As a runner, these come standard on most training-oriented Garmins and the Apple Watch, and Samsung also introduced similar features with the Galaxy Watch 6. It’s good to see Google and Fitbit catch up here, and the Fitbit app gets kudos for letting you customize your max heart rate. Most companies will “personalize” this based on a cockamamie formula that subtracts your age from 220 while giving you no recourse to alter that if it doesn’t line up with your actual fitness levels.

As for whether these exercise views are more readable: yes and no. The metrics and other information like heart rate zones and pace are. It’s much easier to digest information at a glance — provided the sun doesn’t have other plans. The Pixel Watch 2’s display just doesn’t get bright enough in direct sunlight, and even brightness boost settings don’t do much to fix that.

It’s a culturally ingrained habit that whenever I hang out with my gal pals, we all say, “Text me when you get home.” We don’t go to bed until we can confirm our buddies got home safely. Likewise, I text my spouse anytime I’m on my way back or if I head out while they aren’t home.

So, understandably, I quite like the Pixel Watch 2’s Safety Check feature. It’s a proactive timer that you can set so that, should something happen to you, your loved ones have a better shot of knowing where to find you. You can specify an activity (e.g., taking public transportation, going for a walk alone, etc.), a duration, and whether you want to notify your emergency contacts why you’re starting this timer. Once that time is up, you have the option to turn it off or your location will be automatically shared with your preset emergency contacts and local emergency services. If you’re in a real pickle, you don’t need to wait for the timer to lapse, either — you can discreetly share your location should the need arise. It’s thoughtfully designed, and I appreciated the level of specificity I had at my fingertips.

You can specify the reason why you’re sending a Safety Check notification.

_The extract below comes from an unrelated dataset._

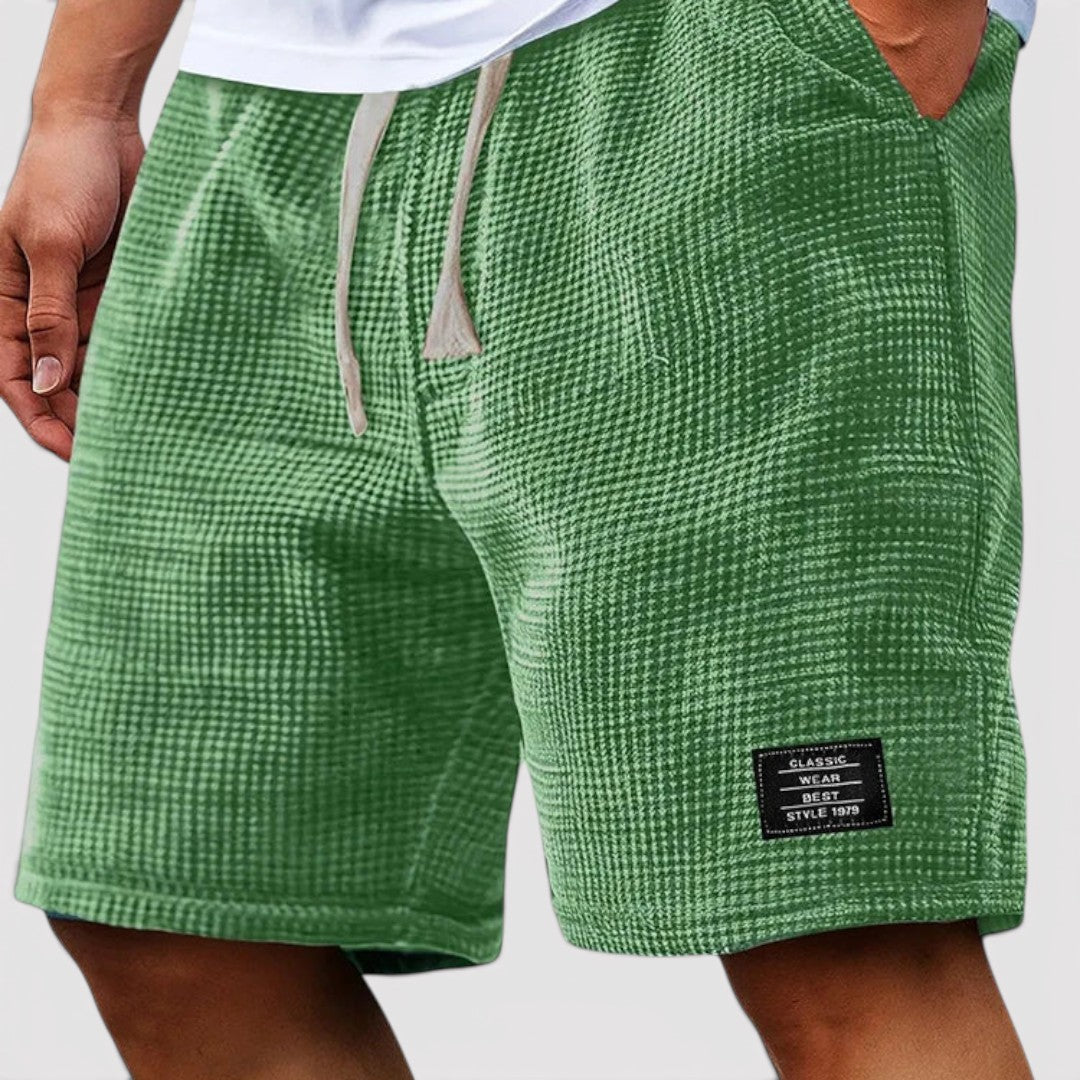 Markus Berlin Herren Wabenartige Shorts, Vorderansicht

In this case, I’m commuting home.

As a lifelong city dweller, I’ve had several dicey encounters, and so this became something I used every time I left the house or office. Granted, my spouse ignored most of the alerts because I was “just testing something for work,” but my best friend dug the notifications. She gets it. My main problem was forgetting to turn off the timer when I got to where I was going. In the future, some geofencing capabilities might be useful.

Another feature I liked was Safety Signal, which lets you use cellular emergency SOS features even if you don’t have an active LTE plan. To test this, I purposefully didn’t activate LTE on my Pixel Watch 2 and lo — I was still able to use Safety Check on my solo walks even when I left my Pixel 8 at home.

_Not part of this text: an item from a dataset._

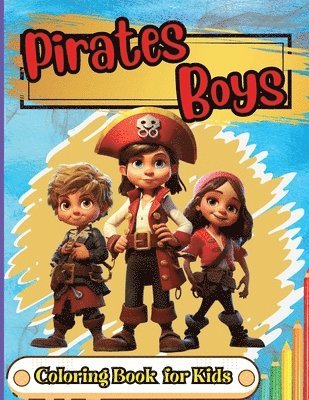 bokomslag Pirates Boys Coloring Book for Kids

What I don’t love about Safety Signal is it requires you to pay the extra $50 for the LTE model of the Pixel Watch 2 and you must have a Fitbit Premium subscription. So, technically, you’re still paying for that cellular connectivity; it’s just that you can only use it in emergencies, and it saves you a grand total of $10 per month over having Premium and LTE all the time. Buying a Pixel Watch 2 gets you six months of Premium free, but whether the cost makes sense is up to your individual needs. For me, the math isn’t quite mathing. I understand the intent and that there are technological requirements at play, but it’d be much cooler if every Pixel Watch had this capability at no extra cost.

That said, it’s nice to know that safety features won’t be limited to the Pixel Watch 2.

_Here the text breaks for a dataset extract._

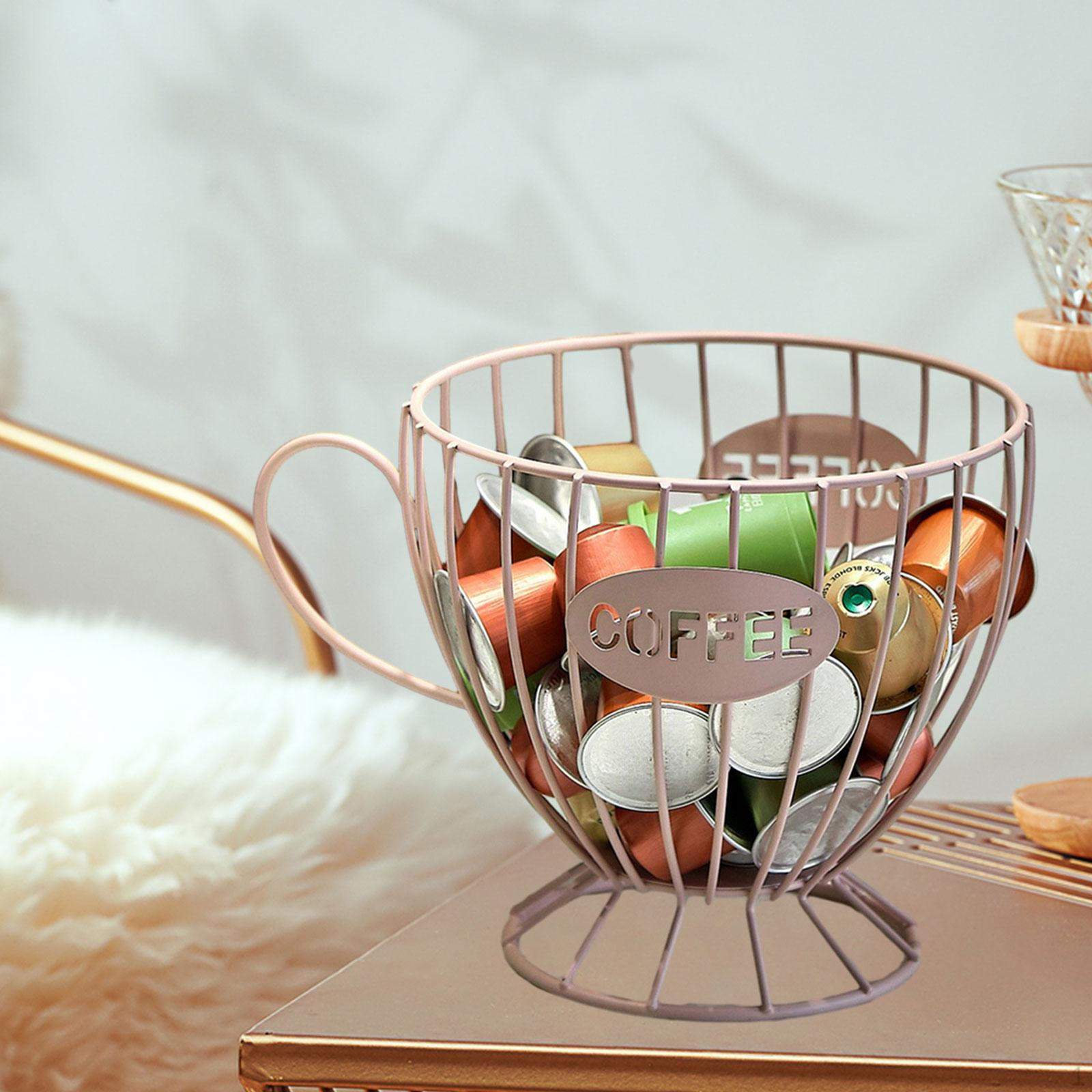 Держатель для кофейных капсул, органайзер, корзина для хранения закусок большой вместимости, контейнер для стола розовый
Держатель для кофейных капсул, органайзер, корзина для хранения закусок большой вместимости, контейнер для стола розовый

“Personal safety is very important to us, so we are making sure people who have Pixel Watch 1 can also get all of the latest peace of mind features, like Safety Check,” Google spokesperson Sofia Giovanello tells The Verge. “It will be available to them very soon and will be the same experience. Much like the rest of the Pixel portfolio, Pixel Watch will continue to get updates over time.”

After a day of running around the Made by Google event like a headless chicken, I set up the Pixel 8 and Pixel Watch 2 and grumpily rode the ferry home. About an hour later, I got my first stress alert.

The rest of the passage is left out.